=== Aim of the exercise ===
Further down are entries; set down exactly and only the lines from the one with "Condominium For Sale in Kota Kinabalu Sabah" up to and including the one with "Qing Lotus Spa", dropping each picture.

=== Input records ===

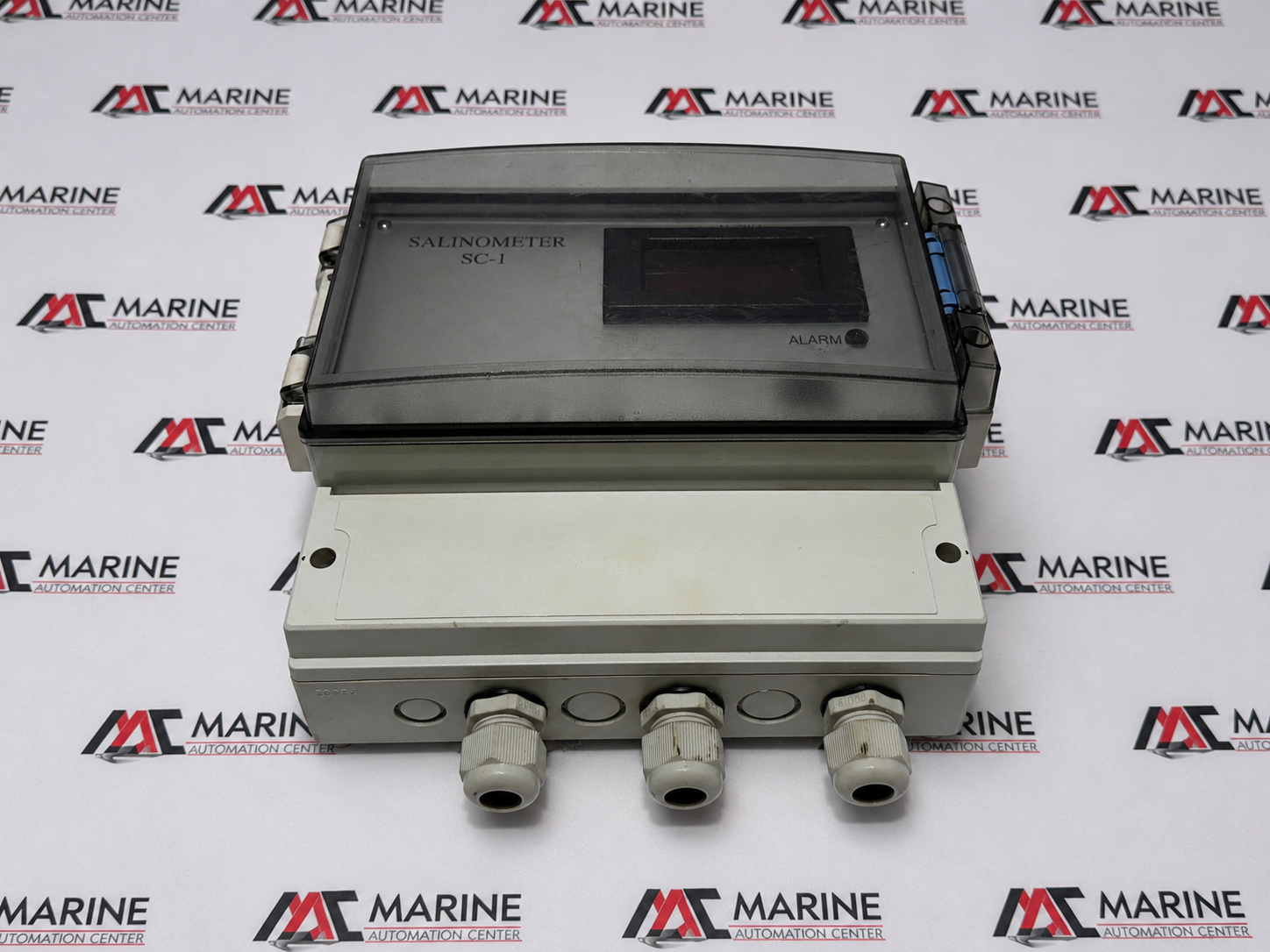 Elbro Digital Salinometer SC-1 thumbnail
--
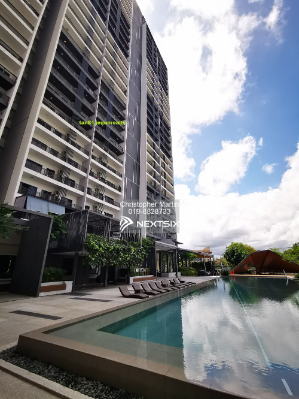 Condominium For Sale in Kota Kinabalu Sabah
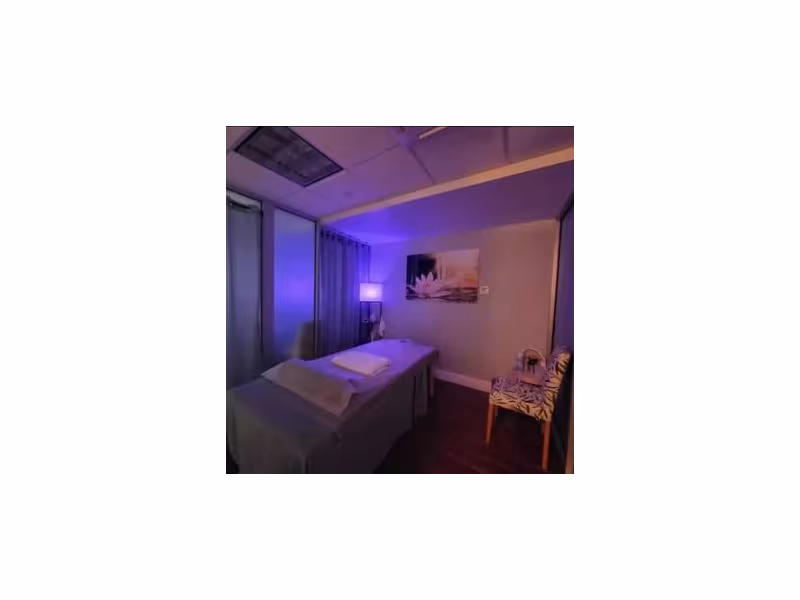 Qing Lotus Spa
--
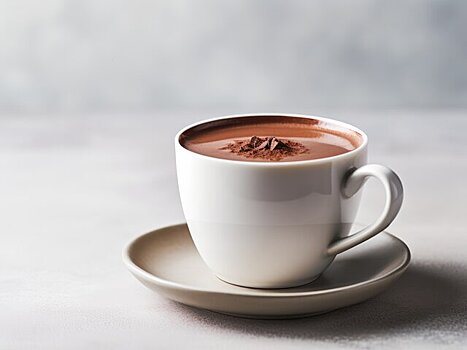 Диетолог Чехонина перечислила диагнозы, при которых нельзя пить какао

=== Expected answer ===
 Condominium For Sale in Kota Kinabalu Sabah
 Qing Lotus Spa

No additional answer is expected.